D'après une étude de l'université d'Anvers, en Belgique, 1% des ménages les plus riches détiendrait de 18 à 20% des patrimoines, tandis que 80% de la valeur des actions cotées en Bourse appartiendraient aux 10% les plus fortunés.

"Les inégalités de revenus se creusent depuis 40 ans, mais le fossé est encore plus béant en ce qui concerne les patrimoines", ajoute encore Felipe Van Keirsbilck, selon qui le gouvernement Michel n'a fait que "renforcer ces inégalités".

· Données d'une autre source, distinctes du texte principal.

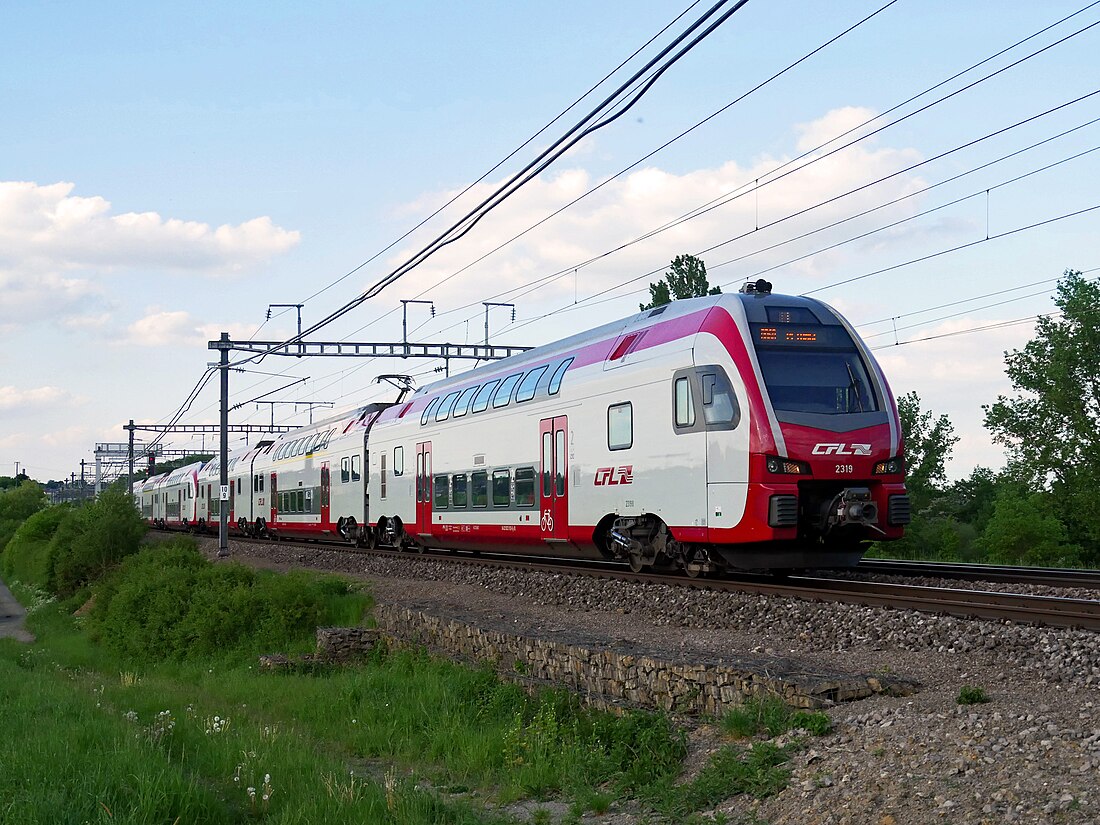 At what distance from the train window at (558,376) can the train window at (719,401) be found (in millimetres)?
4380

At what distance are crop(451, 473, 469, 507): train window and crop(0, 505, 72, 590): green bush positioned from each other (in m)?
30.4

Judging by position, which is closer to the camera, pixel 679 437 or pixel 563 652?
pixel 563 652

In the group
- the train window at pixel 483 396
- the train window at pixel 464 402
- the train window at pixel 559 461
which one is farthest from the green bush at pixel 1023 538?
the train window at pixel 559 461

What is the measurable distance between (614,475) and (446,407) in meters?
8.07

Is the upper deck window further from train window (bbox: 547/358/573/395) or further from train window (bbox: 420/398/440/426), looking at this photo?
train window (bbox: 547/358/573/395)

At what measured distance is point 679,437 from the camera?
14234 mm

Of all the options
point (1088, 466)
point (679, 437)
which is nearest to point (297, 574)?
point (679, 437)

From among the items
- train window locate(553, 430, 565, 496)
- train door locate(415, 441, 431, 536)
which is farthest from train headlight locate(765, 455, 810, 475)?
train door locate(415, 441, 431, 536)

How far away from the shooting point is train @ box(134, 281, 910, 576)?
13.1 meters

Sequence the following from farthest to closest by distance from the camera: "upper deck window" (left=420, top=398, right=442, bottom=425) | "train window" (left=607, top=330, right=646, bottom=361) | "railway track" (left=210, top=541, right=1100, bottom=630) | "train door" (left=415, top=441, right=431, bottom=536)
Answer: "upper deck window" (left=420, top=398, right=442, bottom=425) → "train door" (left=415, top=441, right=431, bottom=536) → "train window" (left=607, top=330, right=646, bottom=361) → "railway track" (left=210, top=541, right=1100, bottom=630)

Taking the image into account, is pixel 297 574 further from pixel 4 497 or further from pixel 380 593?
pixel 4 497

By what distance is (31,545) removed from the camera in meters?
52.1

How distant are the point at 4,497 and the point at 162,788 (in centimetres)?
8984

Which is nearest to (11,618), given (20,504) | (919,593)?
(919,593) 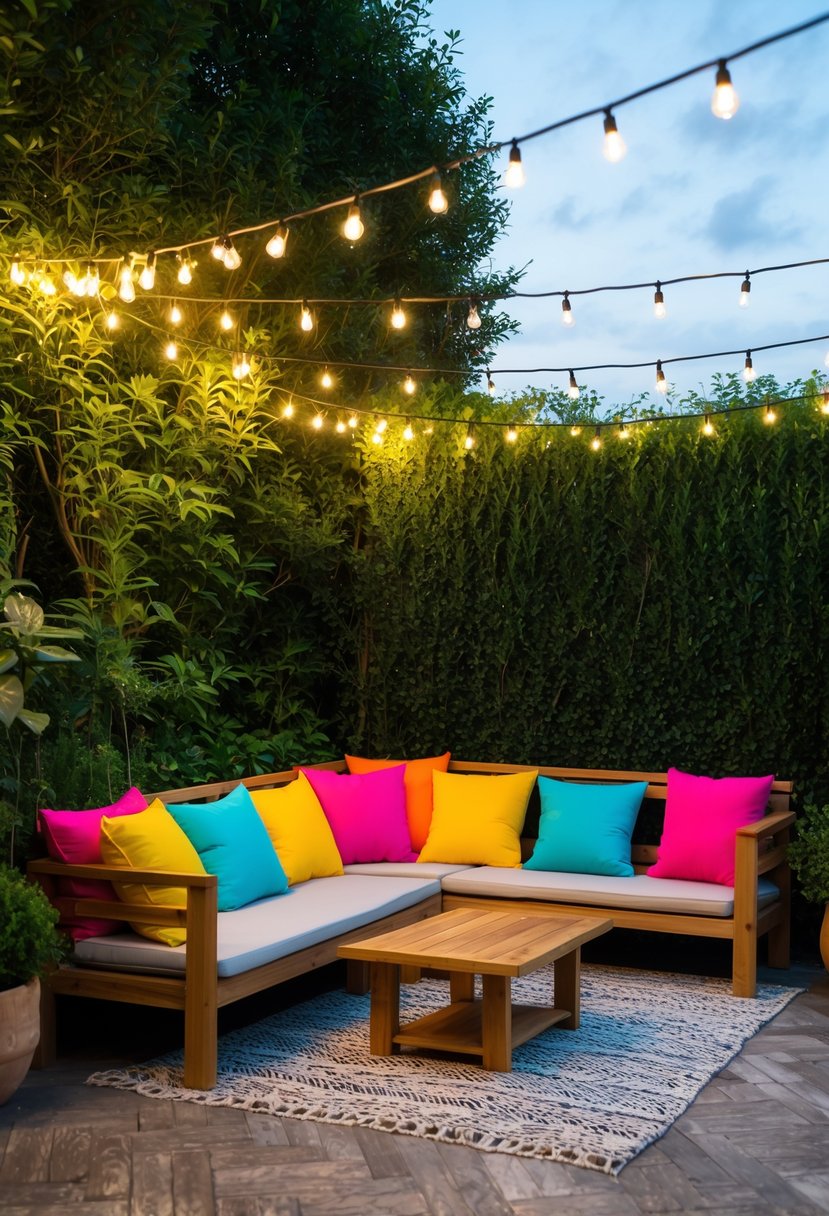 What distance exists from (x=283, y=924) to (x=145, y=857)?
587 millimetres

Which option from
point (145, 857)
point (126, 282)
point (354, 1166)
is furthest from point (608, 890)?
point (126, 282)

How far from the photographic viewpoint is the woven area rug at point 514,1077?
3477mm

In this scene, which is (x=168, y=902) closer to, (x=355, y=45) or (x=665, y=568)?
(x=665, y=568)

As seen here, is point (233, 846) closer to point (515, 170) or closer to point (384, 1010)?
point (384, 1010)

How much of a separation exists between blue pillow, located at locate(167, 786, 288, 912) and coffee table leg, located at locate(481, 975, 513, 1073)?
1155 mm

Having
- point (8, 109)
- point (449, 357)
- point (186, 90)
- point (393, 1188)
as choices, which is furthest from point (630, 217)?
point (393, 1188)

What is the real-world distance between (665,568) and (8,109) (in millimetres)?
3421

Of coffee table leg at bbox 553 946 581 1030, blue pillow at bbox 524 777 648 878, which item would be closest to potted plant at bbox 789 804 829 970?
blue pillow at bbox 524 777 648 878

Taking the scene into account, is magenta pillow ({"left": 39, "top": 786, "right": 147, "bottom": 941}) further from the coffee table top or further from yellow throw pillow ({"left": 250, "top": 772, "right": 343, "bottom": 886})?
yellow throw pillow ({"left": 250, "top": 772, "right": 343, "bottom": 886})

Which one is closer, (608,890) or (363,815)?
(608,890)

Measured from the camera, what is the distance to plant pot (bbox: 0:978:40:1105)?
141 inches

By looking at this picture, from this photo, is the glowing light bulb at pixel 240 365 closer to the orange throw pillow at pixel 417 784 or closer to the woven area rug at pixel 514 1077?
the orange throw pillow at pixel 417 784

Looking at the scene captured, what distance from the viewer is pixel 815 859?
5113mm

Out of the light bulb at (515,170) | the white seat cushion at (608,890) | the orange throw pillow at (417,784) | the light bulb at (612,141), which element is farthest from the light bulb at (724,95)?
the orange throw pillow at (417,784) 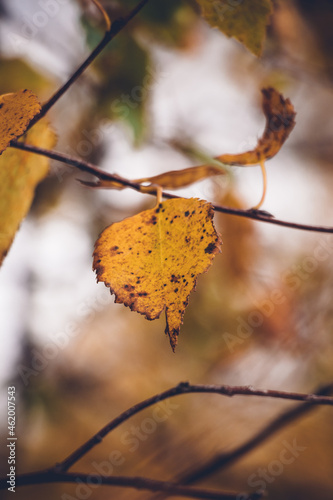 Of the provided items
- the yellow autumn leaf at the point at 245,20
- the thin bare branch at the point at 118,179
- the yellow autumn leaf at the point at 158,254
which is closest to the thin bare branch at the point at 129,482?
the yellow autumn leaf at the point at 158,254

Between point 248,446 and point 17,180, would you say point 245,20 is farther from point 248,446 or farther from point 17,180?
point 248,446

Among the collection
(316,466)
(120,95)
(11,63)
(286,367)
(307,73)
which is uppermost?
(307,73)

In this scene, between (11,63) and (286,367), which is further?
(286,367)

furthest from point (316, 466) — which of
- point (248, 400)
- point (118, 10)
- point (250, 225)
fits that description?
point (118, 10)

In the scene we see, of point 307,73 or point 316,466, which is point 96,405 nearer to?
point 316,466

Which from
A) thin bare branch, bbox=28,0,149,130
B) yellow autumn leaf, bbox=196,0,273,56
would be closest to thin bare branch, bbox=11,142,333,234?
thin bare branch, bbox=28,0,149,130

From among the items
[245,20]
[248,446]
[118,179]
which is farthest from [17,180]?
[248,446] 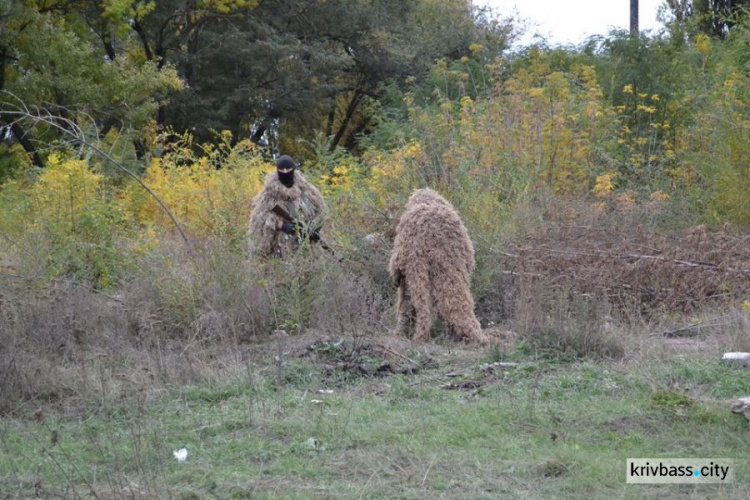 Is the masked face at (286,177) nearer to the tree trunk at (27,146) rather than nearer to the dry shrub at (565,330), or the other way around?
the dry shrub at (565,330)

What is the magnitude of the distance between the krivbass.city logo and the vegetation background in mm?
137

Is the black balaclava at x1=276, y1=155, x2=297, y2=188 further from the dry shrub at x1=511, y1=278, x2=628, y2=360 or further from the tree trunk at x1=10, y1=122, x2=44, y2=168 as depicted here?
the tree trunk at x1=10, y1=122, x2=44, y2=168

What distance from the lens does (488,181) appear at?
40.7 feet

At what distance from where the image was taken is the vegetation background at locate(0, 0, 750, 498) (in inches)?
215

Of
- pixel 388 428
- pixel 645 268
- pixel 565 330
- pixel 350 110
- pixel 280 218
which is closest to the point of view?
pixel 388 428

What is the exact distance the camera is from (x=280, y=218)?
1010 cm

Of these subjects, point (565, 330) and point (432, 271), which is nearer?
point (565, 330)

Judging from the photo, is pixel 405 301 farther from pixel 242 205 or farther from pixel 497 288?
pixel 242 205

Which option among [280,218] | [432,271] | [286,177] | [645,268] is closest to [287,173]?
[286,177]

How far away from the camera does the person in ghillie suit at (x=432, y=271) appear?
8.52m

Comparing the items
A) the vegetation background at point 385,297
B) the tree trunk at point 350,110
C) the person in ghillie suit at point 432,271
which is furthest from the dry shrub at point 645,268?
the tree trunk at point 350,110

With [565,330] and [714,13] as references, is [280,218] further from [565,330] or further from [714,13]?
[714,13]

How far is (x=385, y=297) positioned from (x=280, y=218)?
1325 mm

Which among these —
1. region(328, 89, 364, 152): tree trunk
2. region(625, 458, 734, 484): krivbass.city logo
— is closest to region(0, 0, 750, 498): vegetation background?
region(625, 458, 734, 484): krivbass.city logo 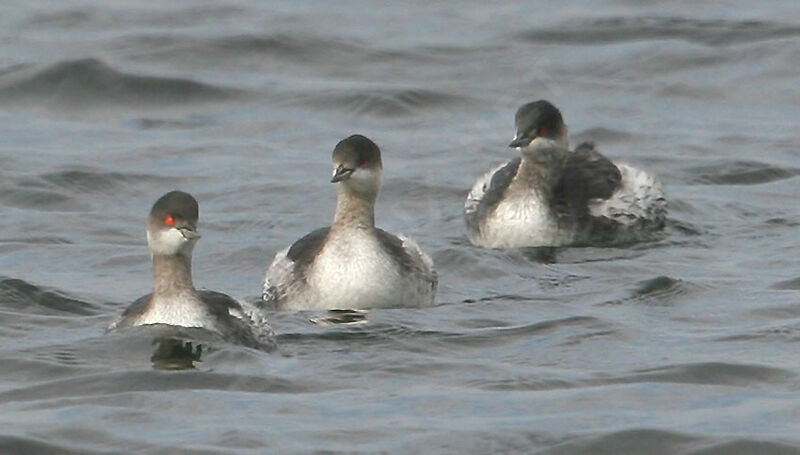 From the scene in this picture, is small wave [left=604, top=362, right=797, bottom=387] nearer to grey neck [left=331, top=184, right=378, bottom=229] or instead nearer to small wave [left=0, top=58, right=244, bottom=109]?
grey neck [left=331, top=184, right=378, bottom=229]

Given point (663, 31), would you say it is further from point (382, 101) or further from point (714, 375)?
point (714, 375)

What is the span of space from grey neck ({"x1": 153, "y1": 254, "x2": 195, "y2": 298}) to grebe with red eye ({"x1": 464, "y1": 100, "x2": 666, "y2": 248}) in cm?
492

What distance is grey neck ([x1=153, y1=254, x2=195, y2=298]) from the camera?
46.9ft

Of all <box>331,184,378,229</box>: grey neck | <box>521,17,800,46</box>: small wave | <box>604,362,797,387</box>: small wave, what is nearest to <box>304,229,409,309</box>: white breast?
<box>331,184,378,229</box>: grey neck

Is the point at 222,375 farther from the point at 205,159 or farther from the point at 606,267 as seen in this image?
the point at 205,159

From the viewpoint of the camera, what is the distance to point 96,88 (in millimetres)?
25422

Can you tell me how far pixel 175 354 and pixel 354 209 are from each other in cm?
239

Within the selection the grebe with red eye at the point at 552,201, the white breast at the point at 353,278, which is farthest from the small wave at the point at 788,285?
the white breast at the point at 353,278

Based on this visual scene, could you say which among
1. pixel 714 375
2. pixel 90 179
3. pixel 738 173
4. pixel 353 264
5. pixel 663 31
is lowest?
pixel 714 375

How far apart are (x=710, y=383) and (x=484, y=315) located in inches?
93.2

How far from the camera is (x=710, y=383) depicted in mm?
14125

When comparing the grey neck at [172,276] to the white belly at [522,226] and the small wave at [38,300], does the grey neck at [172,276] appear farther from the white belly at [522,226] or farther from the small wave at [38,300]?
the white belly at [522,226]

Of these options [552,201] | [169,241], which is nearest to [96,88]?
[552,201]

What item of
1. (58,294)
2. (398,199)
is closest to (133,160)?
(398,199) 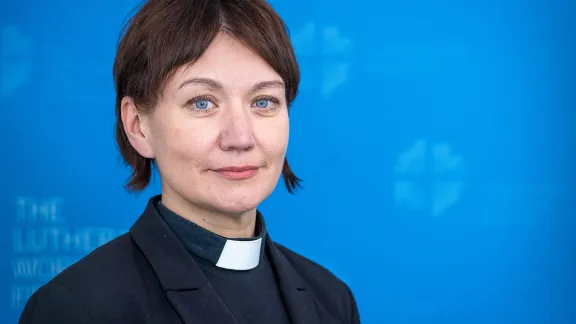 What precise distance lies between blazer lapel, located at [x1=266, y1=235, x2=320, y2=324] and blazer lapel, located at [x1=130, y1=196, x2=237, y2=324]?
0.77 feet

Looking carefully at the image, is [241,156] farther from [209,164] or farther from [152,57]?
[152,57]

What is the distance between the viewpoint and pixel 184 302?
76.5 inches

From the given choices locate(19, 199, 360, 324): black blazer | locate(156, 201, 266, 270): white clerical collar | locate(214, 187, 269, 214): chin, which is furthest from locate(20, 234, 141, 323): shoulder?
locate(214, 187, 269, 214): chin

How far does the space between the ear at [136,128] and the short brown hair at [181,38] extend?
0.09 feet

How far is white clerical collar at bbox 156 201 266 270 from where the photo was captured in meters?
2.05

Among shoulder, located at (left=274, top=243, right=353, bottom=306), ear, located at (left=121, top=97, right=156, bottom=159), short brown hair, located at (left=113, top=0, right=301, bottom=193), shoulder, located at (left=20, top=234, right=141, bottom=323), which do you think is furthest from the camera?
shoulder, located at (left=274, top=243, right=353, bottom=306)

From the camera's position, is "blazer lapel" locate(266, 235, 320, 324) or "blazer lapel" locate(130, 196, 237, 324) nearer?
"blazer lapel" locate(130, 196, 237, 324)

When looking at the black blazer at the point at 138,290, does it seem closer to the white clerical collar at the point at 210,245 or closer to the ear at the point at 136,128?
the white clerical collar at the point at 210,245

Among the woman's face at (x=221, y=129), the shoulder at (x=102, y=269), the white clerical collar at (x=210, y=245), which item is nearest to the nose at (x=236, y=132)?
the woman's face at (x=221, y=129)

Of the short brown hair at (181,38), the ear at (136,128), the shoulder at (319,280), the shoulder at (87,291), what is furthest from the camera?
Result: the shoulder at (319,280)

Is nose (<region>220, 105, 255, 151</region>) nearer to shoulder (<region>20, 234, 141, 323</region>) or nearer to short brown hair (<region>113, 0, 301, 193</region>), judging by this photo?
short brown hair (<region>113, 0, 301, 193</region>)

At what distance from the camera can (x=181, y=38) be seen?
197 centimetres

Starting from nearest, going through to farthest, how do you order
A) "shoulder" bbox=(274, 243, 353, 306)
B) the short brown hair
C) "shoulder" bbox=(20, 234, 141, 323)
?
"shoulder" bbox=(20, 234, 141, 323)
the short brown hair
"shoulder" bbox=(274, 243, 353, 306)

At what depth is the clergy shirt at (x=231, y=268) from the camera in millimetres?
2053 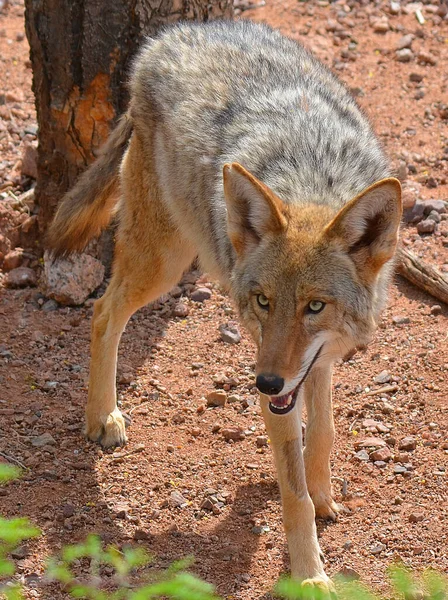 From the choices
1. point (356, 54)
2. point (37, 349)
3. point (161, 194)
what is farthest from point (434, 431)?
point (356, 54)

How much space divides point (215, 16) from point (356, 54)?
3.13m

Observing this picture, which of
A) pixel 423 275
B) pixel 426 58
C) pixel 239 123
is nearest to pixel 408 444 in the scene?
pixel 423 275

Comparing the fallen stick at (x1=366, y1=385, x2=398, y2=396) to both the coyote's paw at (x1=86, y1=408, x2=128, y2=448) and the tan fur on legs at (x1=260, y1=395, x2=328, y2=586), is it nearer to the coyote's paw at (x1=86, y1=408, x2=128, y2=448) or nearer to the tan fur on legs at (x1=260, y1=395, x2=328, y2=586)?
the tan fur on legs at (x1=260, y1=395, x2=328, y2=586)

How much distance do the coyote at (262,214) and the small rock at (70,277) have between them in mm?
768

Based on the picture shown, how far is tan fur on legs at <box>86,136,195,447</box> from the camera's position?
544 centimetres

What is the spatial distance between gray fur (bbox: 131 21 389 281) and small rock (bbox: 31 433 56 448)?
154 centimetres

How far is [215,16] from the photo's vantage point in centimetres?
651

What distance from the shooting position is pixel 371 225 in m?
4.05

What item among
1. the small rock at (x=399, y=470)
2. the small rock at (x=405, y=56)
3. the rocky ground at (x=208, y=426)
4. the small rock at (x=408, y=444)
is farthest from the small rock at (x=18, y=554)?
the small rock at (x=405, y=56)

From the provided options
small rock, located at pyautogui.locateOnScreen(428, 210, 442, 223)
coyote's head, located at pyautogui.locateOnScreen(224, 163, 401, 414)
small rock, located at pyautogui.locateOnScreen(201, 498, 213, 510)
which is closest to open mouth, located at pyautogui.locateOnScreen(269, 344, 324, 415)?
coyote's head, located at pyautogui.locateOnScreen(224, 163, 401, 414)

"Il est indécent que certains se complaisent dans l'hyper-aisance, tuant les services publics et portant atteinte à la vie des autres", estime Christine Mahy du Réseau wallon de lutte contre la pauvreté. "On doit s'entendre pour que le progressisme gagne dans cette lutte".

Le Réseau pour la Justice fiscale et le Financieel Actie Netwerk, à l'initiative du rassemblement avec le soutien de la Campagne TAM-TAM et Hart Boven Hard, réclament un registre exhaustif des patrimoines des citoyens, qui puisse servir à prendre des décisions de bonne gouvernance en matière fiscale, économique et budgétaire ainsi qu'un impôt progressif sur les patrimoines supérieurs à un million d'euros.